START DATA TO USE
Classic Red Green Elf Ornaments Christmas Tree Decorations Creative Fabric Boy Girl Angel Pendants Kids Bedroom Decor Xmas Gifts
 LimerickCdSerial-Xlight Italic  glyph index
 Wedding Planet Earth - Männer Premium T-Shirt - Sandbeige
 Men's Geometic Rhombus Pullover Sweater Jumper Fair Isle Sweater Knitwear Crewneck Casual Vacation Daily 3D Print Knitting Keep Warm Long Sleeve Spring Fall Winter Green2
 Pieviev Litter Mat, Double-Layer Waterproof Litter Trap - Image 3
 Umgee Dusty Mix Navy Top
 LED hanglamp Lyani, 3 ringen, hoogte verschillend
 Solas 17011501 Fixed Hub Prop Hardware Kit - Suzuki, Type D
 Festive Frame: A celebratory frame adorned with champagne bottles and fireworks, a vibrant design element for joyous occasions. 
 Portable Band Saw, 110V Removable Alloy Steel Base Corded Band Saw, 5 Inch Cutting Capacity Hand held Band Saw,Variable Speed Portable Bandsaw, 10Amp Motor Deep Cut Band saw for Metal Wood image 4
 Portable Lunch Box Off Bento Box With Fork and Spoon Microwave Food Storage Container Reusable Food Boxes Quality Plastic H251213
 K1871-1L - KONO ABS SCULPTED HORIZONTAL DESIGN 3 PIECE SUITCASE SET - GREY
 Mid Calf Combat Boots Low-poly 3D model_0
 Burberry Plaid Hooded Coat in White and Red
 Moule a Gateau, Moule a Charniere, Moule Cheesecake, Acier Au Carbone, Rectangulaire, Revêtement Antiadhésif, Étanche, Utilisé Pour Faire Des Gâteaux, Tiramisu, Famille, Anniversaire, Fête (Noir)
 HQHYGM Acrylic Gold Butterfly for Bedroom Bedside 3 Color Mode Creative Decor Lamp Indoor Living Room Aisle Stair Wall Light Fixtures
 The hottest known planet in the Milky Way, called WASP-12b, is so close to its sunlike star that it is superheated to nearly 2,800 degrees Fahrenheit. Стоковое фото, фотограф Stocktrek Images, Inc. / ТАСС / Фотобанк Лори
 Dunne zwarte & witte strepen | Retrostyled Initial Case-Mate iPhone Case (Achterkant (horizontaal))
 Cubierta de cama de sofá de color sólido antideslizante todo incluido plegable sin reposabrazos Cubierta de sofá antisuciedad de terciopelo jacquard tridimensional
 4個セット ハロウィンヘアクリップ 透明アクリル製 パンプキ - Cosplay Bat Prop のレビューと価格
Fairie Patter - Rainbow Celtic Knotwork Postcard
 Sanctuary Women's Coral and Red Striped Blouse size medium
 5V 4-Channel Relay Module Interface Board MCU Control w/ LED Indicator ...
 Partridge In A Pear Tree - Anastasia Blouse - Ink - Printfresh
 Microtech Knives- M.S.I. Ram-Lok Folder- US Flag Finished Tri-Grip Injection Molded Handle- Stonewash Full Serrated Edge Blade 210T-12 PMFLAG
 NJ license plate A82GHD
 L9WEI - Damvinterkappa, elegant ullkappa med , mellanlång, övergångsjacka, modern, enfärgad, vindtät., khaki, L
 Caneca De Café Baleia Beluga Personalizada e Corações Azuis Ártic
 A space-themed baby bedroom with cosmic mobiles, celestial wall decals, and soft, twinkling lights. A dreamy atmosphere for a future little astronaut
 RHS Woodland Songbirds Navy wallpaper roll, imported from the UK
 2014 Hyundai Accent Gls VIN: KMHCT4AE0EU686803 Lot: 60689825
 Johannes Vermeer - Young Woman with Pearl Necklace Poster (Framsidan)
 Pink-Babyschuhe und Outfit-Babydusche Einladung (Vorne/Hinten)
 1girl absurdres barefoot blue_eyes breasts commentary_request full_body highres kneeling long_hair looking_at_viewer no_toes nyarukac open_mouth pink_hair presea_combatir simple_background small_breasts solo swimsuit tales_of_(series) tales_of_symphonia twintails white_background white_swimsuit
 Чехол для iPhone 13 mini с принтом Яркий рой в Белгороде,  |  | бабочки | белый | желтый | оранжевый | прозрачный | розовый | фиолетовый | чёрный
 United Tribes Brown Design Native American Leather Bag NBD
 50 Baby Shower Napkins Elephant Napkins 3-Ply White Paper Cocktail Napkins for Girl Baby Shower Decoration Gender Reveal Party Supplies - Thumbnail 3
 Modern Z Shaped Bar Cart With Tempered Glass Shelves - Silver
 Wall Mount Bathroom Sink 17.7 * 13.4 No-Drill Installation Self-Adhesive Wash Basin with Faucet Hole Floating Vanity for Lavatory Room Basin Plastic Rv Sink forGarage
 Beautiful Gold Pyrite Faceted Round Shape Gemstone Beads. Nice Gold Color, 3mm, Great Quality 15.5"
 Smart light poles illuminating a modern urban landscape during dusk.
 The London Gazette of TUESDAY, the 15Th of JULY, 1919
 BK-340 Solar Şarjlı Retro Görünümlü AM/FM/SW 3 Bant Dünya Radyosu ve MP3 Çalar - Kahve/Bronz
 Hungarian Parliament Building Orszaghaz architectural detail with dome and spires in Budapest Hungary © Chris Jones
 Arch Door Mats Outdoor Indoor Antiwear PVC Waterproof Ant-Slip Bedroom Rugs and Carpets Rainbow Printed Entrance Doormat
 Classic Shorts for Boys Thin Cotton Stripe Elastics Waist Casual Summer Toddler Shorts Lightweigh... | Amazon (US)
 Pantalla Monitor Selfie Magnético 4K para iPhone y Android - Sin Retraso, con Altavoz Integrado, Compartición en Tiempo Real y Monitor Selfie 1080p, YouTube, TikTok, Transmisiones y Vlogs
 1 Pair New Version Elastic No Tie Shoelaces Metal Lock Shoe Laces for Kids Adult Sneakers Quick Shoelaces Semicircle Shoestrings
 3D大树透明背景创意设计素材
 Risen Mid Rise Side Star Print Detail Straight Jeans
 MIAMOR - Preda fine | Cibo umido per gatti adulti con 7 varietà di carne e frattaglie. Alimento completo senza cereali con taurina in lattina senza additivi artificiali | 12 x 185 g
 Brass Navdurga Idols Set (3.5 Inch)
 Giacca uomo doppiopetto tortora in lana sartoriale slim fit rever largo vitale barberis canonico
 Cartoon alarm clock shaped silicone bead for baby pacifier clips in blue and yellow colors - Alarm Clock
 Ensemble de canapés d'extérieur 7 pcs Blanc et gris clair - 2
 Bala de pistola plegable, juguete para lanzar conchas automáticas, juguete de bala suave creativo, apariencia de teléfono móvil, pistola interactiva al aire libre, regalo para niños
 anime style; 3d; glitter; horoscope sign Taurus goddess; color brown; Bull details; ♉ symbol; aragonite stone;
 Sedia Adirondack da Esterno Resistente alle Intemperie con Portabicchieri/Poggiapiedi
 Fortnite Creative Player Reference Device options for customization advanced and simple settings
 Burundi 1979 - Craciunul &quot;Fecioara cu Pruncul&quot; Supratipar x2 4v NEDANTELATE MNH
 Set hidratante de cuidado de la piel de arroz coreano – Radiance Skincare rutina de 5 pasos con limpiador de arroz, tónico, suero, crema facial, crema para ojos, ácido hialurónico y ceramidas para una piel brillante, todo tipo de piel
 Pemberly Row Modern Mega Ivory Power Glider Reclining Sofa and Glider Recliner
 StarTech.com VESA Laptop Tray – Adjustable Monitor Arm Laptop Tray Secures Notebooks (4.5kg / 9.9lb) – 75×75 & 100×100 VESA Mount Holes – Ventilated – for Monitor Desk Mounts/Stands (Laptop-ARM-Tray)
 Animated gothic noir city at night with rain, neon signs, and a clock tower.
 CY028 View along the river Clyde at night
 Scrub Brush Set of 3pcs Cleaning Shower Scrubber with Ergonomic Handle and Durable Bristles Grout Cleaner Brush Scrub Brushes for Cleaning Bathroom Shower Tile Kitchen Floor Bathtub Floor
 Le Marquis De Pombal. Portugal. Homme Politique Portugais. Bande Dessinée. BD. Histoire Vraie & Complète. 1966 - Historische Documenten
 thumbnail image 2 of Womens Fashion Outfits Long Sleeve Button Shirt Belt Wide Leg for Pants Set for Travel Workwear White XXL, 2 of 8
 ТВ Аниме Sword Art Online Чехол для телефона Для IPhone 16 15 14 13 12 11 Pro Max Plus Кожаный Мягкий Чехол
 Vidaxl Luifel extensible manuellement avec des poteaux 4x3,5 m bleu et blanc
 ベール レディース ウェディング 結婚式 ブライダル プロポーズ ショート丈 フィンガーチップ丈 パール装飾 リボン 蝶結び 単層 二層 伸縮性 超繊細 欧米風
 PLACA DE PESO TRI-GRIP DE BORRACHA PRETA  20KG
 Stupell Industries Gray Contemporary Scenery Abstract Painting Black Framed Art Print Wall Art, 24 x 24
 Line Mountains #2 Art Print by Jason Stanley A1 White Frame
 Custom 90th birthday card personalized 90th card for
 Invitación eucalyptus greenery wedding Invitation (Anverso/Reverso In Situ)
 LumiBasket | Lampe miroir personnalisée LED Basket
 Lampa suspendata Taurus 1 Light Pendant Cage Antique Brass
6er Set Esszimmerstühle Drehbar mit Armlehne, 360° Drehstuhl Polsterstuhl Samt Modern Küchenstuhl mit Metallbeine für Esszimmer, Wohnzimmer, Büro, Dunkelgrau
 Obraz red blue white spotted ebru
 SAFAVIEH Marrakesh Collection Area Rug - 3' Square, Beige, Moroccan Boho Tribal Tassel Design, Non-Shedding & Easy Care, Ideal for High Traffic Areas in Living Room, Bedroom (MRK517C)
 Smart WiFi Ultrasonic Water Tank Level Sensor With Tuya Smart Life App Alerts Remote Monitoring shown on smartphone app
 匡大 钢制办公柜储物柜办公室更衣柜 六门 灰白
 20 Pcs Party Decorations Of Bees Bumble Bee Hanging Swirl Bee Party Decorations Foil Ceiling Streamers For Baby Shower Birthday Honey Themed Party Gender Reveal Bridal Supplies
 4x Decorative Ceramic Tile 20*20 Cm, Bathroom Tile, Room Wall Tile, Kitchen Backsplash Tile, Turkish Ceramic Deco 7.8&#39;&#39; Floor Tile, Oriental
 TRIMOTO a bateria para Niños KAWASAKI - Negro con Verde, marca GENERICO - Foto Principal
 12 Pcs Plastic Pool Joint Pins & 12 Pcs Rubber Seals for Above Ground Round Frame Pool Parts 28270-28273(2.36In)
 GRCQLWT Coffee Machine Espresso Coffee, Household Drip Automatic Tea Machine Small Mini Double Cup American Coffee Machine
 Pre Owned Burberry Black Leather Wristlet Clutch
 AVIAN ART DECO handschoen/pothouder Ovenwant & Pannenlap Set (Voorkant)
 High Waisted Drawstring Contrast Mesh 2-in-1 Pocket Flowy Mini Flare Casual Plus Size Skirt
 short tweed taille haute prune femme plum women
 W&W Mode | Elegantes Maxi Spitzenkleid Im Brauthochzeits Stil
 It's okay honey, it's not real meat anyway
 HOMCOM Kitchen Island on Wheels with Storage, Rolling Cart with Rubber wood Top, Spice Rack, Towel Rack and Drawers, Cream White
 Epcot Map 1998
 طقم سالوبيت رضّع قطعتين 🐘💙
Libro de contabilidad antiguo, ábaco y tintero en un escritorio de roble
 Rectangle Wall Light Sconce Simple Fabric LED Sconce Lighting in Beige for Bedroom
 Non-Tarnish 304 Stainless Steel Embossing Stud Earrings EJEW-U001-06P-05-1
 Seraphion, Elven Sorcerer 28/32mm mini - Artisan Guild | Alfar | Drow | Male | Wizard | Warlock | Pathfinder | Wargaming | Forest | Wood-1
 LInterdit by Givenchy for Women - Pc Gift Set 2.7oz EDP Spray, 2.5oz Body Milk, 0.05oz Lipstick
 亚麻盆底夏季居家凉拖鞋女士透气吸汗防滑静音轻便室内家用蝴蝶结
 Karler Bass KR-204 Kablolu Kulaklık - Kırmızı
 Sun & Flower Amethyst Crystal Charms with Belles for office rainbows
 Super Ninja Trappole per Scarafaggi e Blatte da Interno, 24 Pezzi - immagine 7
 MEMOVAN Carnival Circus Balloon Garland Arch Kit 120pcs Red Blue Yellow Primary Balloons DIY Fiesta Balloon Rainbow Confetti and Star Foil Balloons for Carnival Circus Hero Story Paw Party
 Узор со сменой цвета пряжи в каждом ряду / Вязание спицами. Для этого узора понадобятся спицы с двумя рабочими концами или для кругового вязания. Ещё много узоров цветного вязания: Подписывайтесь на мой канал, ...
END DATA TO USE
> [TASK BRIEF]:
Only lines holding the word "Smart" are wanted; list them all from the material.

> [SOLVED PROBLEM]:
 Smart light poles illuminating a modern urban landscape during dusk.
 Smart WiFi Ultrasonic Water Tank Level Sensor With Tuya Smart Life App Alerts Remote Monitoring shown on smartphone app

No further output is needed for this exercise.